Re the op, yes you can add cardio to limit fat gain or you can just cut cals slights as ll cardio will do is burn the cals anyway.

Cardio is probaly better health wise but its SO BORING :lol:


----------



## Robbie789 (Sep 6, 2012)

just count your kcals and don't go over 500kcals above maintenance a day.

Although that's just as boring as doing cardio! :lol:


----------



## Guest (Nov 15, 2012)

Galaxy said:


> Thats not lean bulking, thats a recomp,
> 
> Re the op, yes you can add cardio to limit fat gain or you can just cut cals slights as ll cardio will do is burn the cals anyway.
> 
> Cardio is probaly better health wise but its SO BORING :lol:


Yeah cals have been limited buddy


----------



## Guest (Nov 15, 2012)

robdobbie said:


> just count your kcals and don't go over 500kcals above maintenance a day.
> 
> Although that's just as boring as doing cardio! :lol:


Im about 400 over maintenance.
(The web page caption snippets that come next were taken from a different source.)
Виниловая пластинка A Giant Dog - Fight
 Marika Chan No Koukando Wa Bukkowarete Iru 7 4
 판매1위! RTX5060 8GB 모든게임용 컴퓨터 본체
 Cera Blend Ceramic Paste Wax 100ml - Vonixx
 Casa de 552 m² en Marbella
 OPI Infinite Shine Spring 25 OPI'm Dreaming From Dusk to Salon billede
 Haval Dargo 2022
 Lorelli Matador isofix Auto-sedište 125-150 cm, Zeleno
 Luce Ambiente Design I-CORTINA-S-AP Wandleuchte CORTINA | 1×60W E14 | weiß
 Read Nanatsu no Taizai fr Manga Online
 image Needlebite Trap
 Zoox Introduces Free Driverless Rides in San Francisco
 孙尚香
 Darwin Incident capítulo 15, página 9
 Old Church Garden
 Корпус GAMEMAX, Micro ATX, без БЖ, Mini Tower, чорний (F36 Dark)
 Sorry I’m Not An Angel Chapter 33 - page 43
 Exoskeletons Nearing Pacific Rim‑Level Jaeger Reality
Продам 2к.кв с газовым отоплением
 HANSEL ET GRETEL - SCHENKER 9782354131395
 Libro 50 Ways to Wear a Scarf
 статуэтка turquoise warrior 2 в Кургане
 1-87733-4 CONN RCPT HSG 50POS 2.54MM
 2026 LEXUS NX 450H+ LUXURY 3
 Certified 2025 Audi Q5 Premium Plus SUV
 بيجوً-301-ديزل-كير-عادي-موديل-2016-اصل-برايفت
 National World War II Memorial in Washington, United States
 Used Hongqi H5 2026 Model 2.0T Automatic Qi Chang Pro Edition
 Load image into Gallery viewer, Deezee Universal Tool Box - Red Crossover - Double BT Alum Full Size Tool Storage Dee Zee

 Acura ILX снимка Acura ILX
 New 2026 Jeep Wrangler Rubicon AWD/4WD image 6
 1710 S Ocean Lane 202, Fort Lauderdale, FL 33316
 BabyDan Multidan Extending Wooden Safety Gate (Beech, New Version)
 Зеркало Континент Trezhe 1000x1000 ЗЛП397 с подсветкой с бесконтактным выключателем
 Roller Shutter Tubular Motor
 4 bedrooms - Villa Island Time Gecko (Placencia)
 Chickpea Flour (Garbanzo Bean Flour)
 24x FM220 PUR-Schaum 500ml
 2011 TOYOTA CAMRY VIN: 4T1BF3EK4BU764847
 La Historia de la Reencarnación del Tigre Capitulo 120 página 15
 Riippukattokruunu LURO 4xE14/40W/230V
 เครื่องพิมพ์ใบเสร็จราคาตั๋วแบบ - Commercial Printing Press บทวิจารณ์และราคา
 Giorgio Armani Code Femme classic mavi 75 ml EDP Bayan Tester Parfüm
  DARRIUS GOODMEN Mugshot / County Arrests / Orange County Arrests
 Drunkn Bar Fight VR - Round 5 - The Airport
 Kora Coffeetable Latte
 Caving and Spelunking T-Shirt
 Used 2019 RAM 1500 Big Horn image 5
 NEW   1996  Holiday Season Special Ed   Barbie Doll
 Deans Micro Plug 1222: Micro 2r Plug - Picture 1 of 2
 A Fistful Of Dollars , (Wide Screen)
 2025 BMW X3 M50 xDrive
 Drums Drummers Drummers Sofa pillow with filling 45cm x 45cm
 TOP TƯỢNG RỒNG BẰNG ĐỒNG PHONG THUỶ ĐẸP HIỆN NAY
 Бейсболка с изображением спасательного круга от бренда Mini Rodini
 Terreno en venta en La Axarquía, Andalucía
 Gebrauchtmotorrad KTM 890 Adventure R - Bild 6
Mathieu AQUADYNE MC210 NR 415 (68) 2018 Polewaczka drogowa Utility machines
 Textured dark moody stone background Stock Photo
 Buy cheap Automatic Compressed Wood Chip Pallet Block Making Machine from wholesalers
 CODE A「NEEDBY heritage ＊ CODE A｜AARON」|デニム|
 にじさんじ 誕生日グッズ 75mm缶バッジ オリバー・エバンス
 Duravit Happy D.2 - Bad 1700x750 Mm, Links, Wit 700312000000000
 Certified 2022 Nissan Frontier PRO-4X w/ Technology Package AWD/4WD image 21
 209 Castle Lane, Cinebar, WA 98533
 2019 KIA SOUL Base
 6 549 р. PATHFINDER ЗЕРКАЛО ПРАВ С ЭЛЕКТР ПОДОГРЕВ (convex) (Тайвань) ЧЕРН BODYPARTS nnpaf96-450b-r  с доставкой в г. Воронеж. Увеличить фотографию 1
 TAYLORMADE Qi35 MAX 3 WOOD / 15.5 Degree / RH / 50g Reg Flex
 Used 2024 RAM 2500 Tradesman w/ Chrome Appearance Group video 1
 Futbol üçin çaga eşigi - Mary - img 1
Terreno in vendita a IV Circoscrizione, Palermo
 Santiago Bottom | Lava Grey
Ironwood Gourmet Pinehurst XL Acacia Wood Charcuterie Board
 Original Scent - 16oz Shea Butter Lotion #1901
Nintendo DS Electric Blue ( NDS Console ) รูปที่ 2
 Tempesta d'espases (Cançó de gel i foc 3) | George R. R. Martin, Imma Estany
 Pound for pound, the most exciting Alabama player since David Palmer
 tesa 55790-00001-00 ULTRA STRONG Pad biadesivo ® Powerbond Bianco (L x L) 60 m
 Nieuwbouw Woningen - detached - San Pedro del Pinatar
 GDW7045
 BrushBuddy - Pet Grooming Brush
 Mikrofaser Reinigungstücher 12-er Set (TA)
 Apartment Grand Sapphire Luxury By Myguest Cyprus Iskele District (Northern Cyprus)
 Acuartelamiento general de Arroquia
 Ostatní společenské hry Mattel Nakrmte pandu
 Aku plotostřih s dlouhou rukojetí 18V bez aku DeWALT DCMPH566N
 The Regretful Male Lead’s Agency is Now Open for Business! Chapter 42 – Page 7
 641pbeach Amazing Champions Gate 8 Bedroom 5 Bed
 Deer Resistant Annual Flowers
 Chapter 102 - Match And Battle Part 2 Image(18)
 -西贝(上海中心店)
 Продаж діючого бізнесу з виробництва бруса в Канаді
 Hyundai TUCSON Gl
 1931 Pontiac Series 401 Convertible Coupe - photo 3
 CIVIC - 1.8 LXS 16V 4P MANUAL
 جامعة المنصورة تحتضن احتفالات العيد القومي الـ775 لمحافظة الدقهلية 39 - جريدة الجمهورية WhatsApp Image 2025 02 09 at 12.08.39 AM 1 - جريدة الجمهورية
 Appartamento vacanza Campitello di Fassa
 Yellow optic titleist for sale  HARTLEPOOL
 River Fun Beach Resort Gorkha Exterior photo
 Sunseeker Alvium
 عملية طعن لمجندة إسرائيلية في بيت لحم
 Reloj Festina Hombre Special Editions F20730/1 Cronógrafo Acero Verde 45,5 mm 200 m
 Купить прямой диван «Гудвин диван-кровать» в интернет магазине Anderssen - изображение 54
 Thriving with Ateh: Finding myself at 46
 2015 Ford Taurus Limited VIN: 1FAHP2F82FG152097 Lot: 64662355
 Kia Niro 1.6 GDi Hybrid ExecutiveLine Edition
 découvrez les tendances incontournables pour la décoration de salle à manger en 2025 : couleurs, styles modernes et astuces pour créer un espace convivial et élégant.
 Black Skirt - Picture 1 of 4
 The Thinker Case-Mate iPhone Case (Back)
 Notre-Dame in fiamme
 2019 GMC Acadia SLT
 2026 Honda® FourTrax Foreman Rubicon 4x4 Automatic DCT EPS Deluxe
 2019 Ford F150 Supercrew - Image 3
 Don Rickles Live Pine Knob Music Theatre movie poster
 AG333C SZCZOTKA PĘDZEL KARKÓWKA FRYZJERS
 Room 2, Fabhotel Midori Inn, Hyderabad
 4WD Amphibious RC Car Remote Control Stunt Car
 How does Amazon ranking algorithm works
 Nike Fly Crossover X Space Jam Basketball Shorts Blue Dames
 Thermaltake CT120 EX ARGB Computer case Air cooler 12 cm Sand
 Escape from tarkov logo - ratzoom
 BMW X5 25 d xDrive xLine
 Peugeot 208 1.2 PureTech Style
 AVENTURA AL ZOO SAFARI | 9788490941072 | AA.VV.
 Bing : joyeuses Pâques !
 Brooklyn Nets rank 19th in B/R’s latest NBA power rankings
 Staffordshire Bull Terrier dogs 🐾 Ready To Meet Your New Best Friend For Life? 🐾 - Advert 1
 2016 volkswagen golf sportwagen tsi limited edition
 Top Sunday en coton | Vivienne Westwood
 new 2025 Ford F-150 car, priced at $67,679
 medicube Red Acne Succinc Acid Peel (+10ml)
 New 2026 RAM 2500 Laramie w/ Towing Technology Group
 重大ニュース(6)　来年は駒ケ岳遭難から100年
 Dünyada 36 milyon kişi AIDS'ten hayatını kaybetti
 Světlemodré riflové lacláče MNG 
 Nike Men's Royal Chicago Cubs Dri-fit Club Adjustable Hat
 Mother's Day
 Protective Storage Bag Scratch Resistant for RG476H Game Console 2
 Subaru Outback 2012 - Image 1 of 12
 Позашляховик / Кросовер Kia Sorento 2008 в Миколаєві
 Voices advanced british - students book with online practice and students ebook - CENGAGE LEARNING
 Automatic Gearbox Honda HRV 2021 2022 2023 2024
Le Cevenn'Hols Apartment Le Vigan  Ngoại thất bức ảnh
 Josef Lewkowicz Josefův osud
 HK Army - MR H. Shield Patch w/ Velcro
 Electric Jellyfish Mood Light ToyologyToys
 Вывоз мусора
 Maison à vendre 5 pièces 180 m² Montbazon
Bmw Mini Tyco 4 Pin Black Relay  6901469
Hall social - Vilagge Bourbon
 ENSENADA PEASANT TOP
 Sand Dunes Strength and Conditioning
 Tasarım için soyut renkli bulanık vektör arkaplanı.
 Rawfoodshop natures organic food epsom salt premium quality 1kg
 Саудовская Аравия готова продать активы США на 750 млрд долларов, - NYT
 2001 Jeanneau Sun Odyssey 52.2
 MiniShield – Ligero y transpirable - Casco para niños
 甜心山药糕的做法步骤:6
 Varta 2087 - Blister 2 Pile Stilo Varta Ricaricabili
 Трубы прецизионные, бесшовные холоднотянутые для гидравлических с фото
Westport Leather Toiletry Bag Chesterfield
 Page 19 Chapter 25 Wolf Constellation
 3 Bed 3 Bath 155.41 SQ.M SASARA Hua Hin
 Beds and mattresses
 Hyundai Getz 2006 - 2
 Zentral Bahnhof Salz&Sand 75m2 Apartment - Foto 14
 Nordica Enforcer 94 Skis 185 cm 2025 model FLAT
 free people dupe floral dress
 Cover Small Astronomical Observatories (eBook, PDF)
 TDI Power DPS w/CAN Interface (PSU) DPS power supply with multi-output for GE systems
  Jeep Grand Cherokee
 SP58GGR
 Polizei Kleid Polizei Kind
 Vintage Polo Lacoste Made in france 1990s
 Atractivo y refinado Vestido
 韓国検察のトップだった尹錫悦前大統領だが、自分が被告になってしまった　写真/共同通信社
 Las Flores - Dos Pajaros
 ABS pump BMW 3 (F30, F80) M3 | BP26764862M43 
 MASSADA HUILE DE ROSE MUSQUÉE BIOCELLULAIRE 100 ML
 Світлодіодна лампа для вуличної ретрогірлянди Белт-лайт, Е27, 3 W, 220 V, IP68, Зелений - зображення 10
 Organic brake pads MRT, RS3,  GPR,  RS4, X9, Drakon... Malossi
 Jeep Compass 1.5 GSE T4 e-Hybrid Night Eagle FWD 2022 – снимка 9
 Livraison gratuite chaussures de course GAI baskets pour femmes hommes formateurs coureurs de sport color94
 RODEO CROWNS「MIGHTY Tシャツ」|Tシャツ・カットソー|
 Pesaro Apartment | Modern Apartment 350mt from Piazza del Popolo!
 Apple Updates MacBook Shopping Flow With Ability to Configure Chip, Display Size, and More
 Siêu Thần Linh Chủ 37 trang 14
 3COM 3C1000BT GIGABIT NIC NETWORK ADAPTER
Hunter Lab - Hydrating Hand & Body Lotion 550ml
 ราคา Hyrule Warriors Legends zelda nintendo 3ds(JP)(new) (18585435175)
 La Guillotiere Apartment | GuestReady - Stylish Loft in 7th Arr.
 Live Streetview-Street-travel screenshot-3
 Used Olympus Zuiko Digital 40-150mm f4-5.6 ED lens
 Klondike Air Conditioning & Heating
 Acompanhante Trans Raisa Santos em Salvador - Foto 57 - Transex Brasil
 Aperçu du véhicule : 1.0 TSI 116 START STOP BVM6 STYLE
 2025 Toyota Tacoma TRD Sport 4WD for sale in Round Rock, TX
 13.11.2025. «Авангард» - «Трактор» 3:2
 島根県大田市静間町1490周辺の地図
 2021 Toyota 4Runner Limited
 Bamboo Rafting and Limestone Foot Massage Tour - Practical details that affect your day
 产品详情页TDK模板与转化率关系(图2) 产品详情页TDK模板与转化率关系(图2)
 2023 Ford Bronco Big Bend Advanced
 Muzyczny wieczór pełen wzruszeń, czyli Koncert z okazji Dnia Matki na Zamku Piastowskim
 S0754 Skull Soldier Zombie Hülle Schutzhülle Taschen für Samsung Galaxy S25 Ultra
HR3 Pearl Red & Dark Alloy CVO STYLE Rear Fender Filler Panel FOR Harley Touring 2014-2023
Keeping an eye on it this time ahaha.


----------



## reza85 (Jan 11, 2009)

bump


----------



## Robbie789 (Sep 6, 2012)

reza85 said:


> bump


I've read that HIIT cardio is much better for fat loss vs steady state as it keeps burning fat throughtout the day- http://www.simplyshredded.com/cardio-for-fat-loss-high-intensity-interval-training-cardio-vs-low-intensity-steady-state-cardio.html


----------



## TommyFire (Jul 18, 2010)

Id do a bit of cardio just for health purposes if any.

20 mins HIIT 2-3x a week should be ok.

Alternativley do some sprints, ever seen a skinny sprinter??


----------



## Guest (Nov 16, 2012)

TommyFire said:


> Id do a bit of cardio just for health purposes if any.
> 
> 20 mins HIIT 2-3x a week should be ok.
> 
> Alternativley do some sprints, ever seen a skinny sprinter??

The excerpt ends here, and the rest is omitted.